----- The data -----

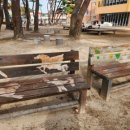 흥해서부초등학교 이미지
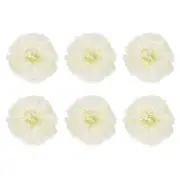 Crepe Paper Flowers, Beige Tissue Paper Flowers - 6 x 6 Inch / 6 Pcs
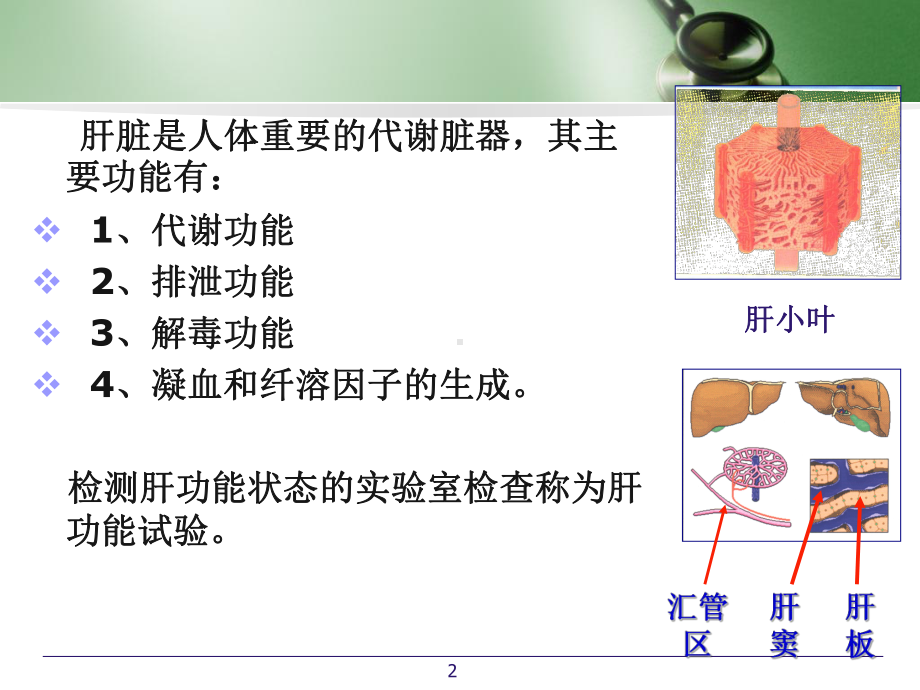 肝病常用试验室检查课件.ppt_第2页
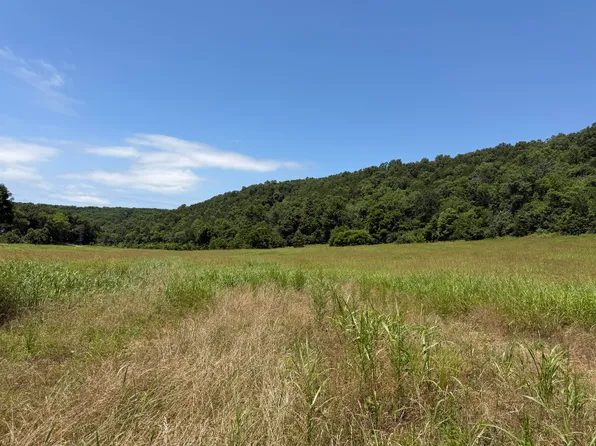 000 Northfork Village St. Lot 1 Street, Tecumseh, MO 65760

-----

Would it be possible to copy the material exactly, excluding the images?

 흥해서부초등학교 이미지
 Crepe Paper Flowers, Beige Tissue Paper Flowers - 6 x 6 Inch / 6 Pcs
 肝病常用试验室检查课件.ppt_第2页
 000 Northfork Village St. Lot 1 Street, Tecumseh, MO 65760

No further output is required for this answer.